Swoon, Coney Island Installation, 2005. Ink, spray paint, paint, craft paper, mylar, and bufftrace paper, Approximately 108 × 208 inches (274.3 × 528.3 cm). Gift of Beth and Anthony Terrana. Photo by Charles Mayer Photography. © Swoon
Since 1999, Swoon (born Caledonia Curry) has made cut-paper figures that she applies, often illicitly, to the exterior walls of industrial buildings. In recent years, she has started to make work for museums and galleries, in part to help support her interventions in public space.
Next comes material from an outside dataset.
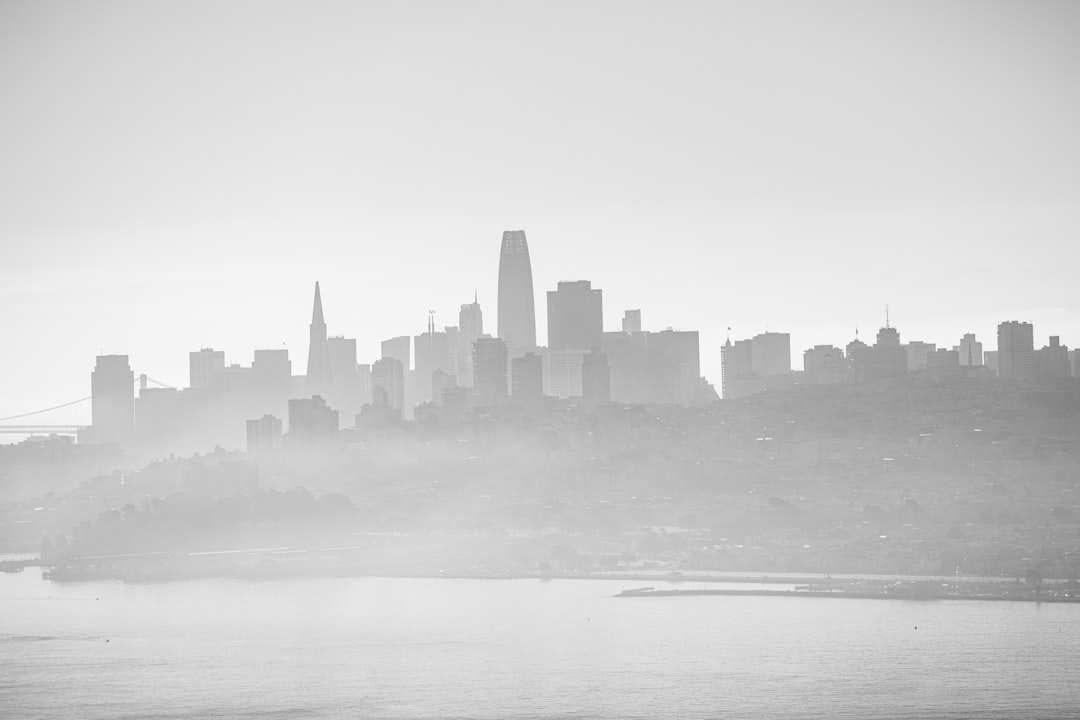 city skyline across body of water during daytime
Coney Island Installation sets three figures against a carnivalesque scene at Coney Island in New York. Constructed of more than fifty precisely cut leaves of Mylar and newsprint, the work presents semitransparent strata that blur the boundaries between figure and ground, inside and outside. Usually impermanent, these materials register a kind of pathos, suggesting the inevitable passing of all things and beings. In 2011, Swoon created a major installation for the ICA/Boston on the Sandra and Gerald Fineberg Art Wall and in the building’s elevator shaft, employing the same cut-paper technique.
The acquisition of this wall installation signals the ICA’s history with Swoon, as well as its curatorial interest in graffiti and street art, as exemplified by the exhibitions organized by the museum of work by Shepard Fairey and Barry McGee.